Il decreto pontificio che inserisce Giuseppe Allamano nel calendario liturgico è come la firma di ratifica della santità del nostro Fondatore, che viene così proposto a modello di vita cristiana, sacerdotale, religiosa, missionaria ed inoltre come protettore.
La motivazione che ha deciso Giovanni Paolo II a proclamarlo Beato, sta nel fatto che l’Allamano ha affermato che ogni Chiesa locale, ogni sacerdote, ogni singolo cristiano deve essere di sua natura missionario.
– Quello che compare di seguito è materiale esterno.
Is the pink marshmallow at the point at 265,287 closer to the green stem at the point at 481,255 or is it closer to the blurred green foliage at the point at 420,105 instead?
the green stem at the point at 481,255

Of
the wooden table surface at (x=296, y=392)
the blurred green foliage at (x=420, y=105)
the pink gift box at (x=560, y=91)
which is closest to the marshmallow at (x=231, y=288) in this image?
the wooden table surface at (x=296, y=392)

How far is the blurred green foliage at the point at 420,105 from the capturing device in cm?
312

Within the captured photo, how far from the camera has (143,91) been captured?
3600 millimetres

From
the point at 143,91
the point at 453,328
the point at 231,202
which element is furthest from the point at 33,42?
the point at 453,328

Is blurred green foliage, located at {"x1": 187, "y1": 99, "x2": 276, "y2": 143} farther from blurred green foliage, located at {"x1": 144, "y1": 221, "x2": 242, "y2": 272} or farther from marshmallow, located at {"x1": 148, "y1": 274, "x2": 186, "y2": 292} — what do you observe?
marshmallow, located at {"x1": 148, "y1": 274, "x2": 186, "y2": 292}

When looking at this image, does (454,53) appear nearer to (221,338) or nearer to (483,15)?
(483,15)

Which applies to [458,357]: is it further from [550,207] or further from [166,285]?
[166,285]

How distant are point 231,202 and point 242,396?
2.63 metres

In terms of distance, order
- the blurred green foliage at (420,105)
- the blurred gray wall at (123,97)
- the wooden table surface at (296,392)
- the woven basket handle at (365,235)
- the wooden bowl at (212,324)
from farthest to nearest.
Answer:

Ed in ciò Giuseppe Allamano ne è stato un esempio. Sacerdote diocesano è diventato missionario per la Chiesa di tutto il mondo. Rinunziando ad una comoda posizione ed impegnando tutto il suo patrimonio ha fondato due Istituti missionari. “Abbiate a cuore la gente”, diceva l’Allamano e i suoi missionari e missionarie lo hanno ascoltato. Oggi l’Istituto è diffuso in una trentina di Paesi d’Europa, Africa, America e Asia. In poco più di cent’anni conta milioni di conversioni, istituzioni scolastiche a tutti i livelli, opere sanitarie, culturali e di promozione umana e sociale.
In questa occasione, non possiamo riflettere sulla sua vita spirituale e sulla mole di lavoro svolto in diocesi e a favore di enti e congregazioni religiose, ma ci soffermiamo solo sull’aspetto che più ha caratterizzato e segnato la sua vita, costituendo la forza propulsiva di tutta la sua attività: la sua familiarità con la Madonna Consolata. Davanti a Lei, nel suo coretto, passava ore ed ore in preghiera per i suoi missionari ed a Lei affidava ogni suo progetto ed ogni sua preoccupazione.
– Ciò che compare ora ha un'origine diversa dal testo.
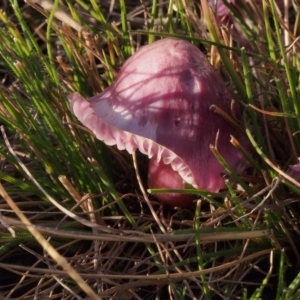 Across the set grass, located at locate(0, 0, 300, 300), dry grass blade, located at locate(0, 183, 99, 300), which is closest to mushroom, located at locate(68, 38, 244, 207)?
grass, located at locate(0, 0, 300, 300)

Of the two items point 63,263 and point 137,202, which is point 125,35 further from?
point 63,263

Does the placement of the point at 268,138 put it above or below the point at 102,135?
below

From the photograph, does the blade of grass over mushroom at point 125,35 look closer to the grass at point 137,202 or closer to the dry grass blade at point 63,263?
the grass at point 137,202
Insieme al suo fedele collaboratore, Don giacomo Camisassa, è rimasto per ben 46 anni al suo posto di sacerdote diocesano e di rettore del santuario della Consolata. Lo ha restaurato radicalmente con interventi giudicati architettonicamente e finanziariamente “un miracolo”, come replicò l’ingegnere interpellato.
Ma soprattutto l’Allamano fece del suo santuario un centro di irradiazione dello spirito missionario, suscitando vocazioni, preghiere ed aiuti in diocesi e nella Chiesa universale. Espressione del suo amore la fedele recita del rosario. Diceva ai suoi missionari e missionarie: “Prendete amore e stima alla pratica del Rosario. Recitatelo bene e volentieri, con attenzione ai misteri contemplati. Ogni buon missionario ritiene il rosario come un dovere di tutti i giorni e non lo tralascia mai”. E per i suoi missionari in visita ai villaggi il rosario era il fedele compagne durante le lunghe carovane ed ancora ora segna il passare dei chilometri in auto. E sul loro esempio il rosario divenne il segno distintivo dei convertiti delle nostre missioni.
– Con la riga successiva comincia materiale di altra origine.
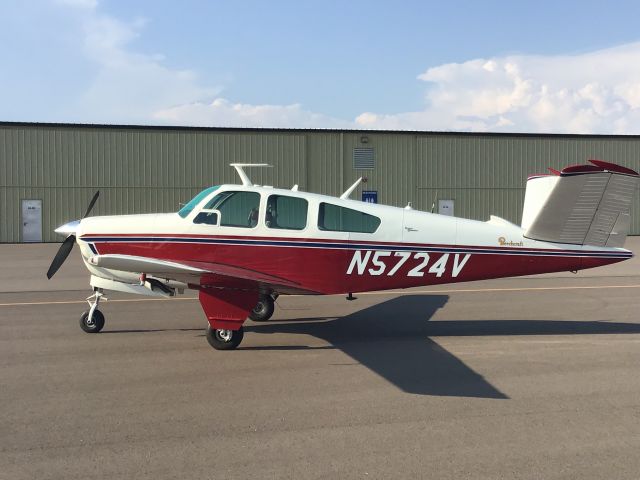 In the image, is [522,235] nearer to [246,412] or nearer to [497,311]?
[497,311]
Vi è un’altra caratteristica nella santità del nostro beato: la sua viva devozione all’eucaristia. “Vi voglio missionari eucaristici”. Ed egli lo fu in modo eminente.
Il rinnovamento liturgico evidenzia tre dimensioni dell’eucaristia: eucaristia come sacrificio, eucaristia come comunione, eucaristia come presenza continuata. E l’Allamano invitava i suoi missionari ad avere tre grandi amori: la santa Messa, la comunione e Gesù nel tabernacolo.
La santa Messa era per lui il centro della sua giornata. Affermava: “Figuratevi in ogni Messa Gesù si sacrifica per noi; e nella comunione lo prego a stare corporalmente per tutto il giorno nel mio cuore”. E con calore aggiungeva: “Guardando il tabernacolo pensiamo: è là…, è là… è così bello!”.
Due miracoli sono stati la garanzia presentata per il processo di beatificazione ed ora i missionari e le missionarie della consolata aspettano fiduciosi la conferma di un terzo miracolo che permetta al loro fondatore di accedere al terzo grado della scala: Servo di Dio, Beato, Santo.
L’Allamano diceva: “Dal cielo farò, farò”. Ognuno di noi chieda con insistenza, con fiducia un miracolo, ma un miracolo grande che confermato possa permetterci di invocare: S. Giuseppe Allamano, intercedi per noi.